##### Records #####
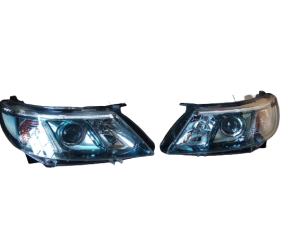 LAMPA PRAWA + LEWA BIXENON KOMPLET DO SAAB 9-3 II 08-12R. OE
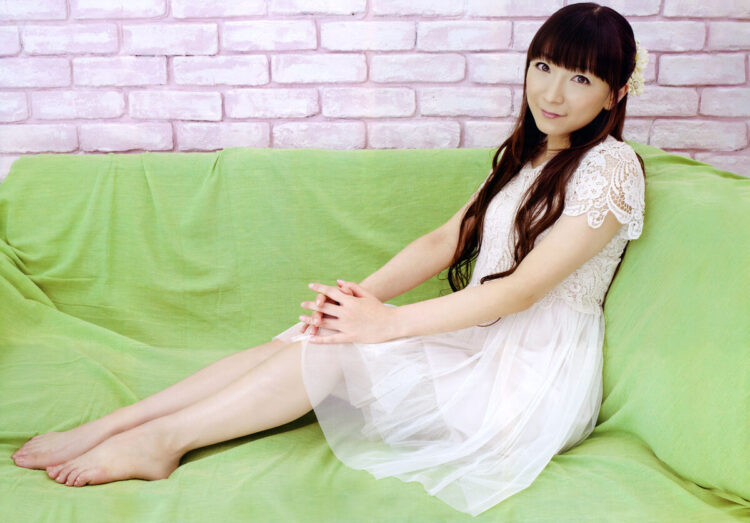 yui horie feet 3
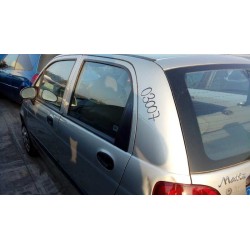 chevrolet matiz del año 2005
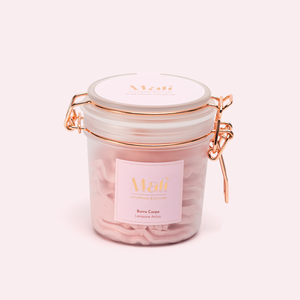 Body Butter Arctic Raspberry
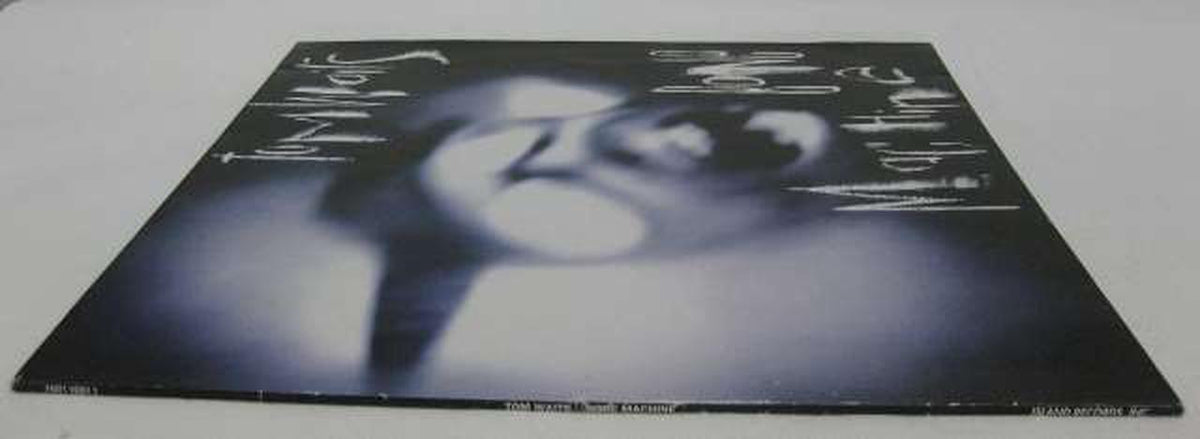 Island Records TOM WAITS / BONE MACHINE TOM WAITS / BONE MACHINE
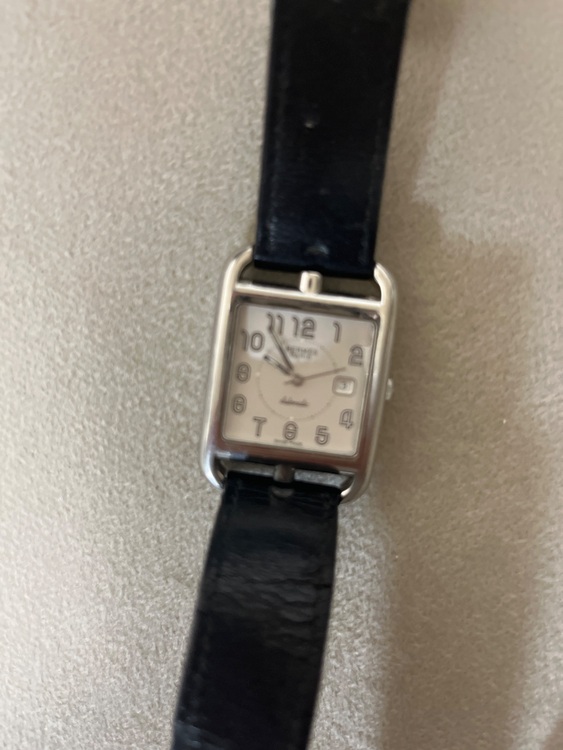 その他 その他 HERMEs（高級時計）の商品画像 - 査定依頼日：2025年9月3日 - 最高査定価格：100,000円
#####
##### Records #####
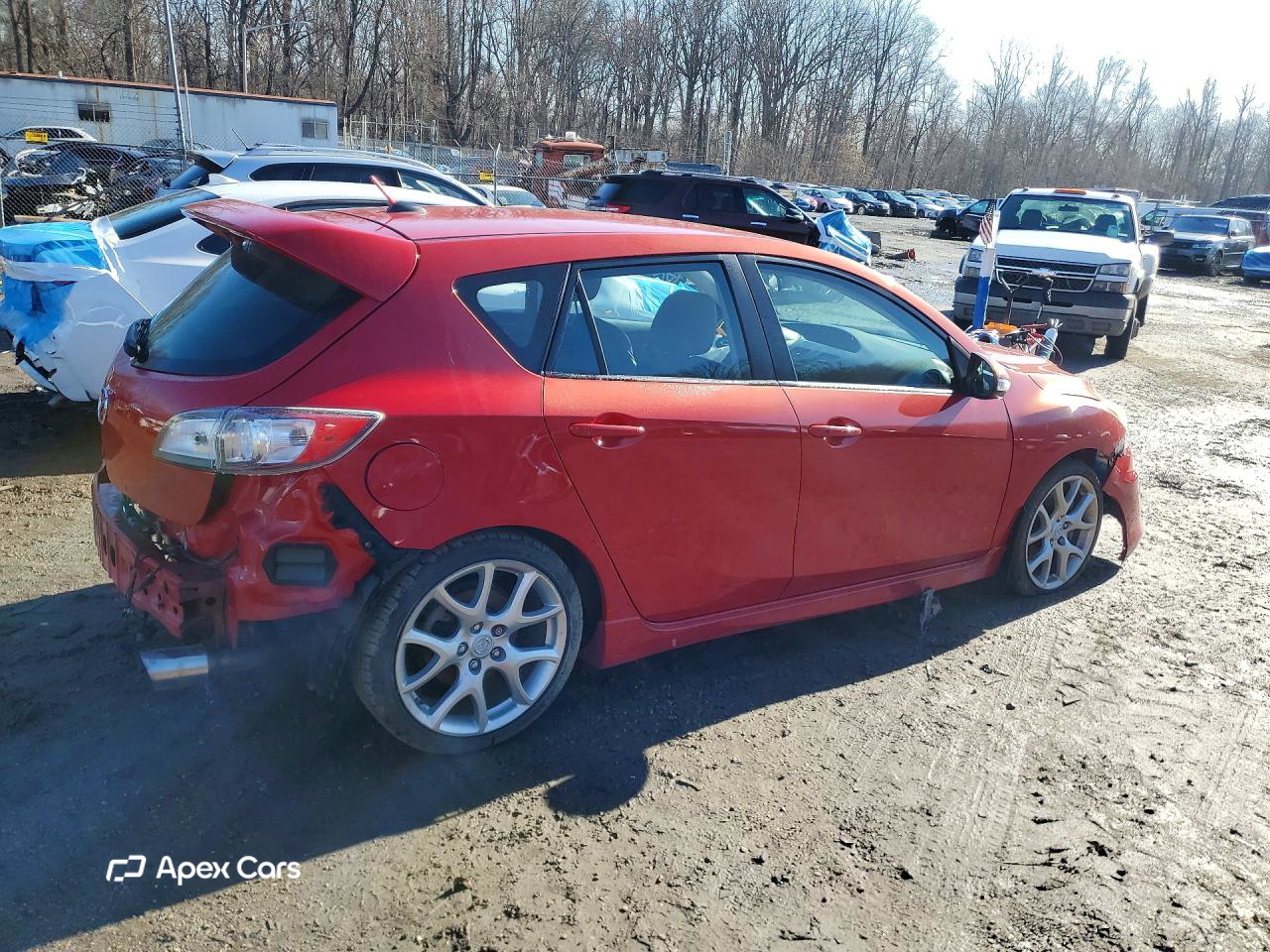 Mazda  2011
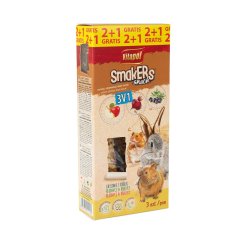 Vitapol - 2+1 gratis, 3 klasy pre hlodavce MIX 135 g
#####
Look back at the data above, then output exactly the lines from the line holding "yui horie feet 3" up to and including the line holding "その他 その他 HERMEs（高級時計）の商品画像". Leave out the pictures.

The completed task.
 yui horie feet 3
 chevrolet matiz del año 2005
 Body Butter Arctic Raspberry
 Island Records TOM WAITS / BONE MACHINE TOM WAITS / BONE MACHINE
 その他 その他 HERMEs（高級時計）の商品画像 - 査定依頼日：2025年9月3日 - 最高査定価格：100,000円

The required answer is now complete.